So, she goes riding the other day with a fellow Navy brat. And I'm cool with letting her go because shore patrol (military police) constantly rides around keeping us safe. Seriously, they ride by my house at least 4 times a day and who knows how much at night time.

While Paige and her friend were out riding, they were getting ready to cross the road. A shore patrol was coming so they decided to wait until he passed before they crossed on over. Mr. Shore Patrol pulled over.

"Where's your helmet?" he asked.

"Uh....at home." Paige replied.

"Well, don't you think you need to be wearing it?" he came back with.

"Yes, sir." said a red faced teen.(I wasn't there, but I know Paige and I'd put money on the fact that she was blushing.)

Busted.

The girl doesn't even have her driver's license and she's going to lose driving privileges on base. Jeesh.

Bet she won't leave home without it again.

Monday, May 14, 2007

Final Say on Royal Weekend 2007

Sources say it was a successful weekend all the way around. I'd say the sources were right. The sickness never abated, but we trudged on through it. I think at one point, Fred and I tried to see who was sickest. Then we figured we were both bad off and would just be miserable together. It can't be good when you go to bed and instead of love between you, there's a box of tissues. Yeah, too romantic by far.

I honestly believe Fred had the best intentions yesterday morning. He was going to get up earlier than everyone and fix a lovely Mother's Day breakfast for us to enjoy before church. Well, that never happened. He came back to the bedroom and confessed to how bad he was feeling. I told him to please just lay back down. I got up with the grand idea of getting the rest of us up and dressed for church. It worked for all of about 15 minutes. I ended up sitting in the recliner "just to rest a minute". The fever was talking trash to me, People. Next thing I knew, it was around 10 a.m. No clue what happened.

We did manage to pull it together to go out for lunch. Sufficient drugs in the system helped that idea along. I told Fred that we either got up for an hour and went to eat, or I would have to cook and I just didn't think I could pull that one off. We met our friends and their three kids out and really had a good time. Miss C brought me a lovely birthday gift I wasn't expecting. We enjoyed a huge pile of seafood (with plenty of leftovers!) and knew we'd definitely go to this place again.

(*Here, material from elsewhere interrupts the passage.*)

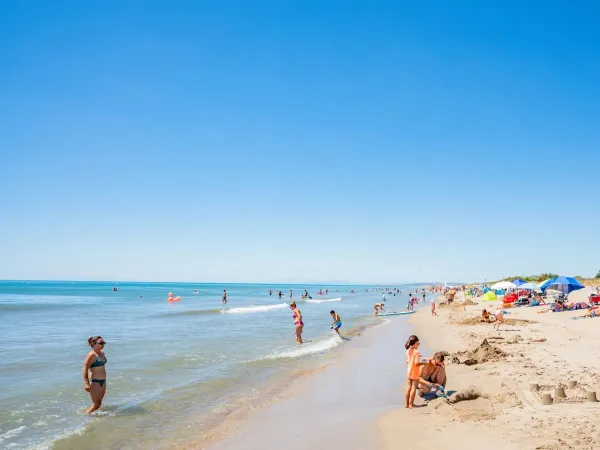 Piękna piaszczysta plaża na kempingu Roan Le Serignan Plage.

OHHHHH. Get this. As we were dressing, I set my train case on the table. My train case holds all my makeup and I adore it. It might be on the old fashioned side because I really don't know of anyone who actually has a train case, but it's mine and I think it's cool. I sat down and proceeded to put on a smidgen of makeup so as not to offend small children with my sick, pasty skin. I finished up and went to put the train case up when Fred huffed loudly and proclaimed, "You are killing me here." I was confused. He told me to open the train case back up all the way, pulling out the trays and such. He removed the compact and mirror I just put back in there and Lo and Behold! There sat the lipstick collection from Merle Nor*an I has asked for in it's little case. Being sick had my skills of observance broken. I was thrilled and knew that my weekend was complete. Even if he had to practically shove my nose into my present.

We came home from lunch to sleep. Again. All afternoon we slept, wrapped up in blankets on the couch and recliner respectively. It was just sad, People. The girls needed to attend church last night because of obligations. I volunteered to take them. I literally sat in the van and slept the entire time they were doing their thing at church.

So, today, I'm going to insist that Fred go to Sick Call, or whatever it is they do with the military. I have a doctor's appointment this Wednesday already and I will be on my hands and knees begging for some kind of relief. After a week of this? It's all tired out and I'm ready to feel better.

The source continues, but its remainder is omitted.